Assignment
Leave the pictures out and quote only the lines from the one with "72Mesh Artificial Pine" down to the end of the listing below.

Data for this task
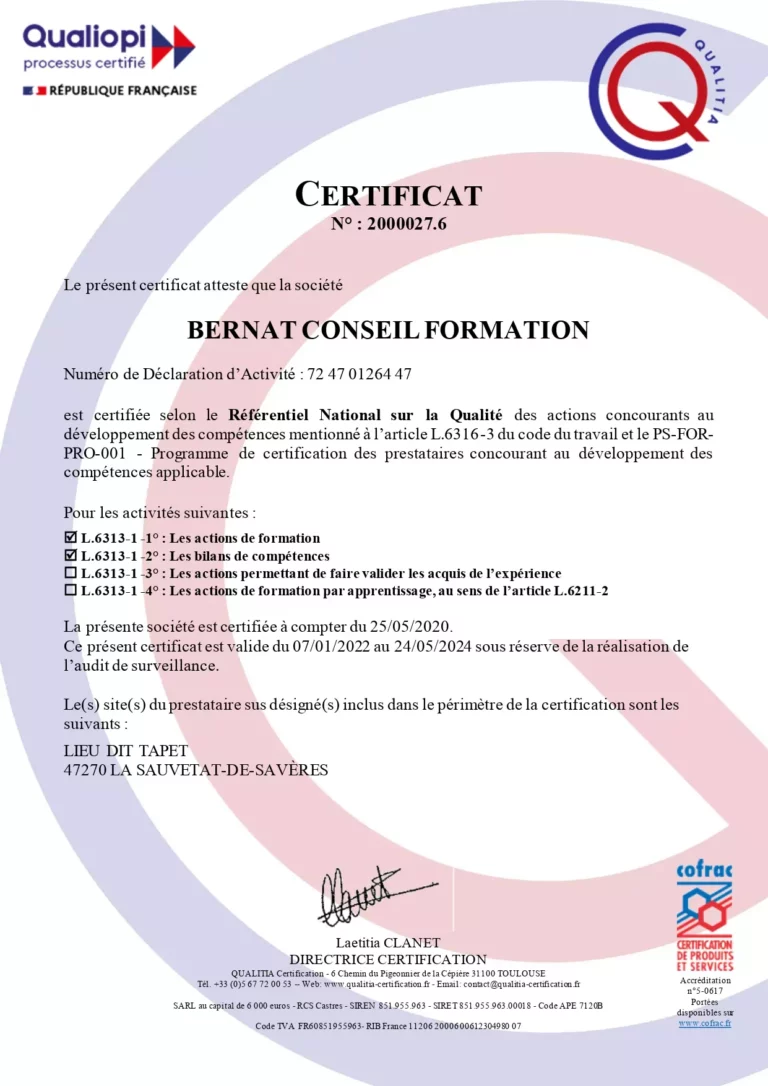 Certificat Qualiopi de Bernat Conseil et Formation pour les activités actions de formation et bilan de compétences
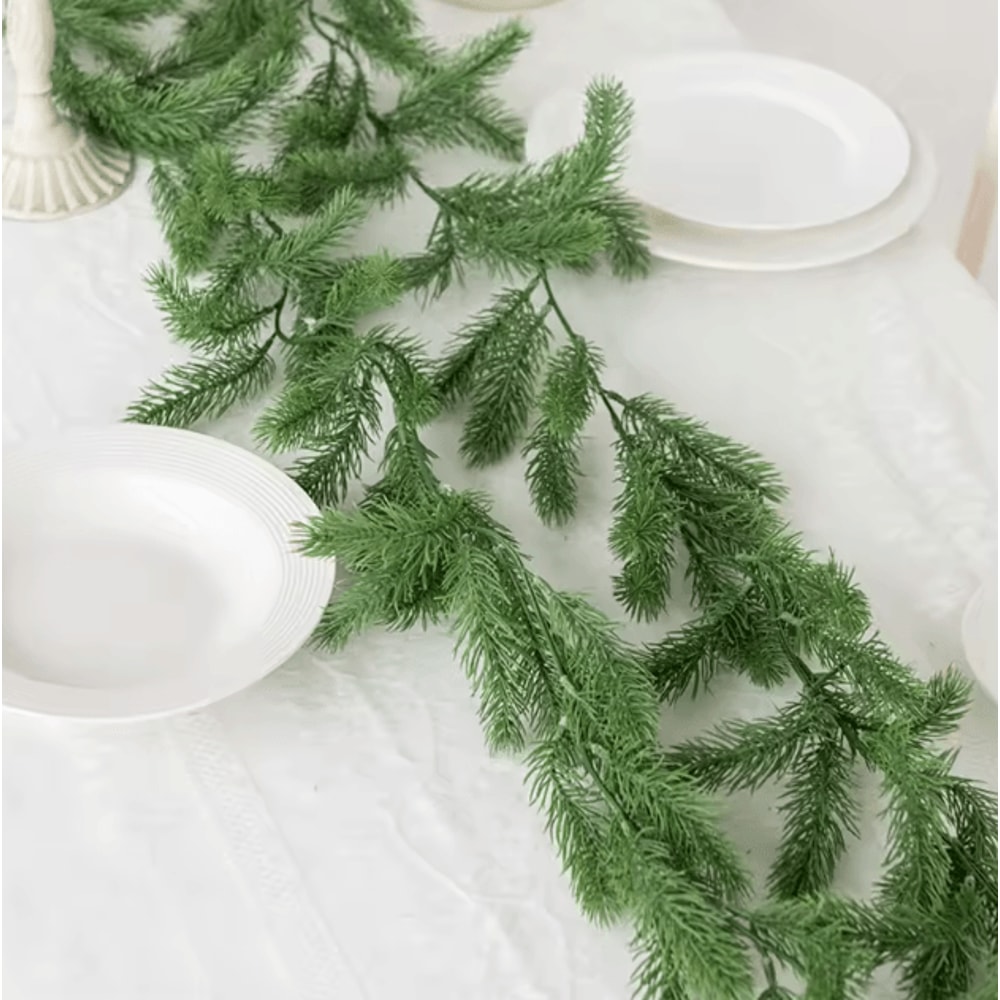 72Mesh Artificial Pine Leaf Garland DIY Greenery Vine For Christmas Home Decor 1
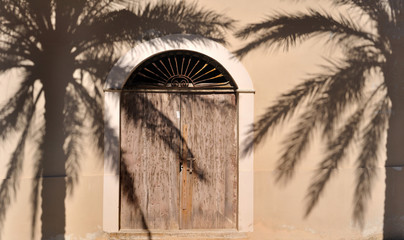 ombre de palmiers sur façade d'une maison  © coco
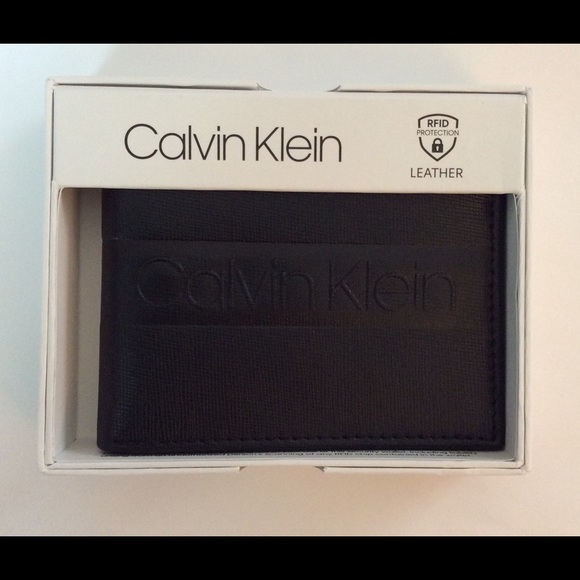Calvin Klein Men’s Black Leather Wallet RFID - Picture 1 of 7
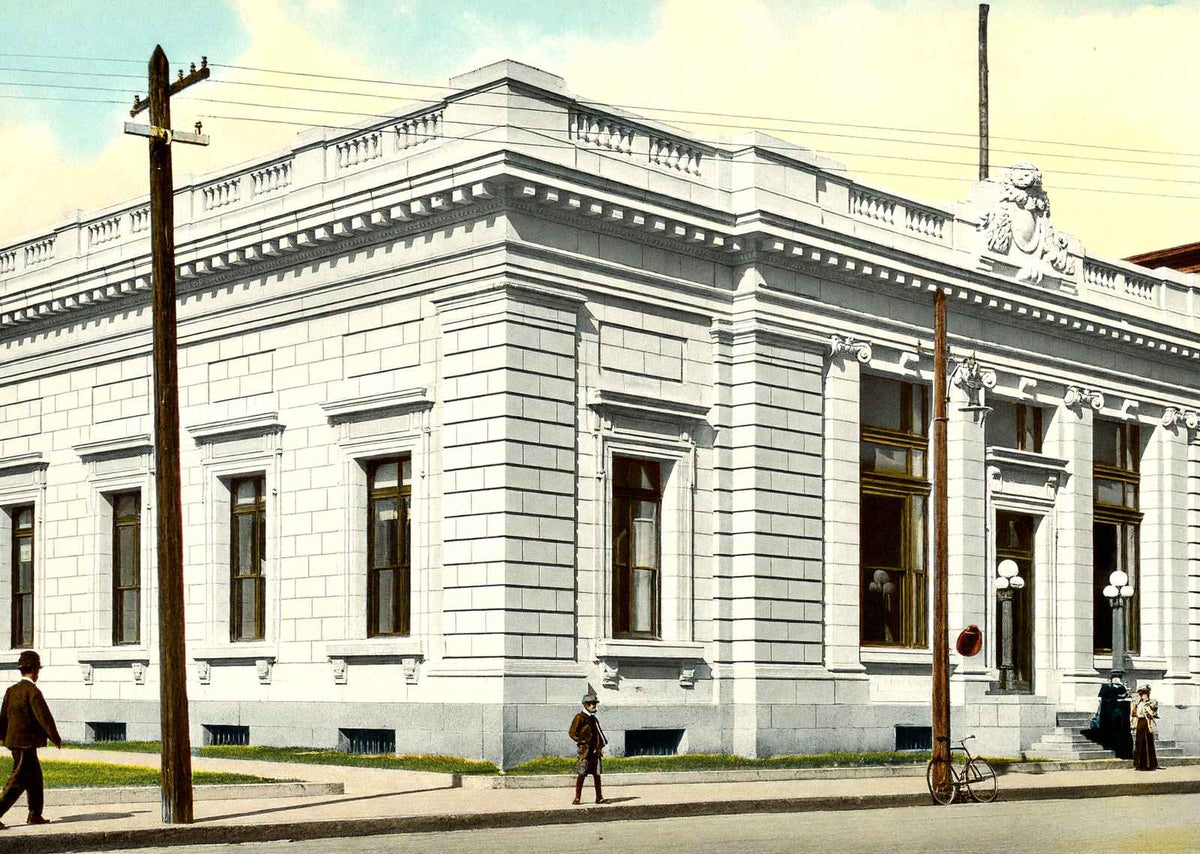 US Post Office, Holyoke, Massachusetts in 1908 Vintage Print (7 Sizes)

Solution to this exercise
 72Mesh Artificial Pine Leaf Garland DIY Greenery Vine For Christmas Home Decor 1
 ombre de palmiers sur façade d'une maison  © coco
Calvin Klein Men’s Black Leather Wallet RFID - Picture 1 of 7
 US Post Office, Holyoke, Massachusetts in 1908 Vintage Print (7 Sizes)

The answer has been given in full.